Task objective = Lines containing the word "Photo" are the ones to copy from the records below.

*** Materials provided ***

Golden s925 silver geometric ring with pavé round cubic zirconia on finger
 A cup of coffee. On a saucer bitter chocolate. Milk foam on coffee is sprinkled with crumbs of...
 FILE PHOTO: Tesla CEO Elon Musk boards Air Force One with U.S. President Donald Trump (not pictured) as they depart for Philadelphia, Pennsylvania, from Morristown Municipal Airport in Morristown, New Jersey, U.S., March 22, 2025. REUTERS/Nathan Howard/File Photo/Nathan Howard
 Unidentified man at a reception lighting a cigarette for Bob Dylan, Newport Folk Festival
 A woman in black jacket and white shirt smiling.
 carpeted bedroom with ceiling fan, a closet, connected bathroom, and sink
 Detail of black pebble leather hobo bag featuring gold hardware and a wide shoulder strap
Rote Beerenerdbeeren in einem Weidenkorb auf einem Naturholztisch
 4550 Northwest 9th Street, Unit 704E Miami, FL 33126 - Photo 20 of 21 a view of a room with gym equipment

*** End of Materials provided ***

Response to this exercise =
 FILE PHOTO: Tesla CEO Elon Musk boards Air Force One with U.S. President Donald Trump (not pictured) as they depart for Philadelphia, Pennsylvania, from Morristown Municipal Airport in Morristown, New Jersey, U.S., March 22, 2025. REUTERS/Nathan Howard/File Photo/Nathan Howard
 4550 Northwest 9th Street, Unit 704E Miami, FL 33126 - Photo 20 of 21 a view of a room with gym equipment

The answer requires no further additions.